To this Clinton repeated statistics she has used repeatedly that “90 people a day are killed by gun violence in our country,” which PolitiFact has in the past held up as being “mostly true” although it leaves unsaid the bulk of those deaths are suicides and that the number is the lowest since 1999. Everytown often echoes the same figure.

Clinton then argued the existing background check system should be strengthened to include closing the so-called Charleston Loophole then went on the offensive over what many have seen to be Sanders’ Achilles heel on gun control.

“I also believe, so strongly Gene, that giving immunity to gun makers and sellers was a terrible mistake,” said Clinton, alluding to Sanders’ now-controversial 2005 vote in favor of passing the Protection of Lawful Commerce in Arms Act, which was designed to insulate the gun industry from frivolous lawsuits.

Saying PLCAA removed “any accountability” for firearms makers and sellers, Clinton argued, “I think we should very seriously move to repeal that and go back to making sure gun makers and sellers are like any other business. They can be held accountable.”

Clinton’s remarks drew fierce applause at times from the audience.

CNN’s Anderson Cooper then lobbed the question to Sanders, who came out swinging to defend his record as a gun control advocate, touting his NRA “D” rating, voicing support for an assault weapon ban by saying, “I don’t think it’s a great idea in this country to be selling military-style assault weapons which are designed to kill people,” and stumping to expand the three-day hold period at the heart of the “Charleston Loophole” issue.

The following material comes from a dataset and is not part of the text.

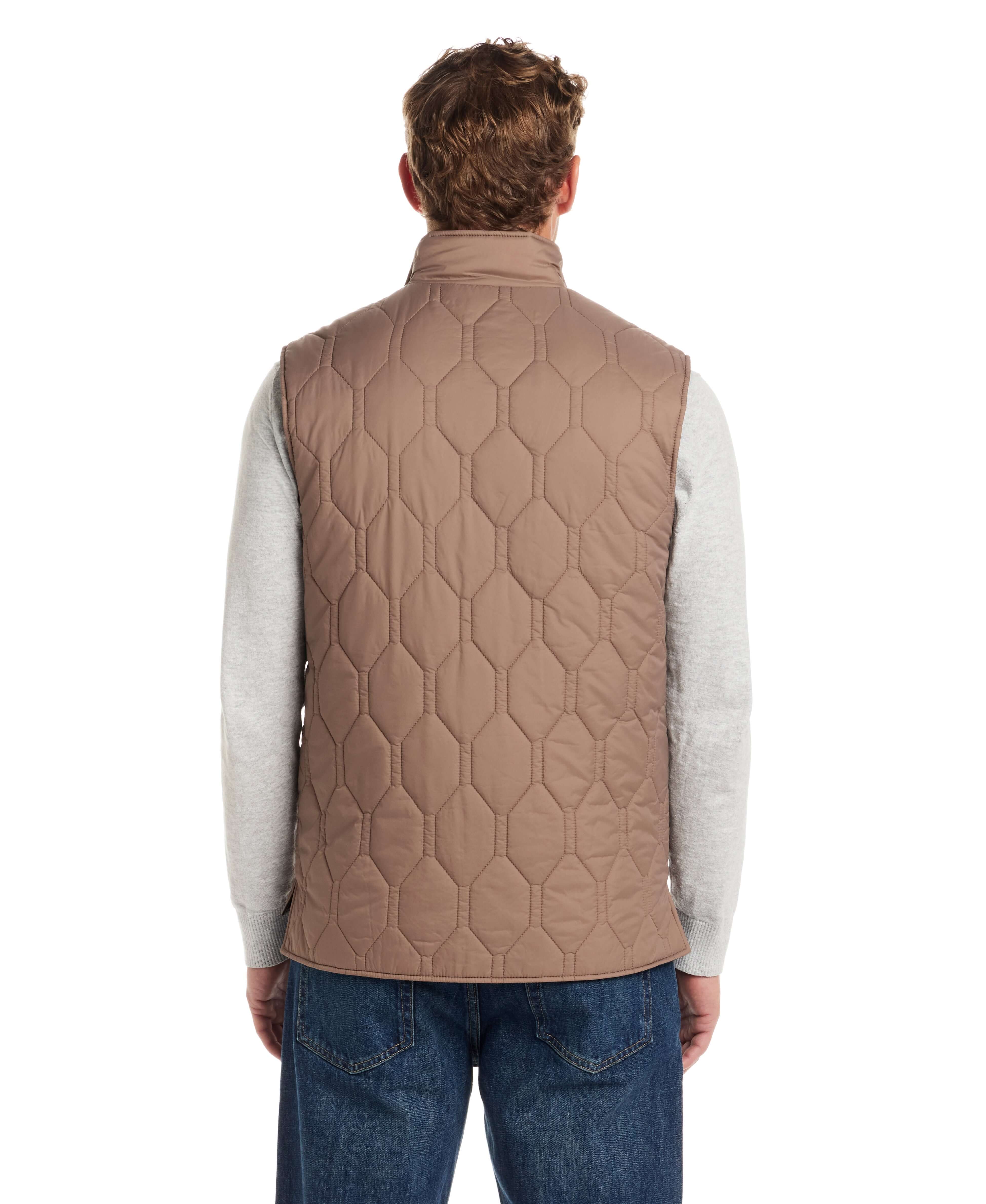 Back view of a man wearing a Hexagon Quilted Lightweight Vest in Mountain Trail, showcasing its unique hexagon pattern and mock-neck design.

When pressed on PLCAA by Cooper, who brought up the current lawsuit being defended by Remington subsidiary Bushmaster from victims’ families of the 2012 Sandy Hook school shooting in Newtown, Connecticut, as an example, Sanders in the end stood by the protection.

“If you go to a gun store and you legally purchase a gun, and then, three days later, if you go out and start killing people, is the point of this lawsuit to hold the gun shop owner or the manufacturer of that gun liable?” Sanders asked. “If that is the point, I have to tell you I disagree. I disagree because you hold people – in terms of this liability thing, where you hold manufacturers’ liability is if they understand that they’re selling guns into an area that – it’s getting into the hands of criminals, of course they should be held liable.”

“But if they are selling a product to a person who buys it legally, what you’re really talking about is ending gun manufacturing in America. I don’t agree with that,” Sanders said.

Clinton then rebutted that Sanders’ views were those of the NRA, again stating the gun lobby demanded and got “absolute immunity” in 2005 and “they sell products all the time that cause harm.”

The former First Lady played to the audience by framing the Newtown event as a lightning rod for changing industry protections, even as Cooper tried to steer the debate to the next question.

“I want people in this audience to think about what it must feel like to send off your first grader, little backpack, maybe, on his or her back, and then the next thing you hear is that somebody has come to that school using an automatic weapon, an AR-15, and murdered those children,” she said. “Now, they are trying to prevent that from happening to any other family.”

To this, Sanders repeated his argument that he could not support what in his mind would be the shuttering of the gun industry if PLCAA was repealed and Cooper moved past the subject following much cross talk.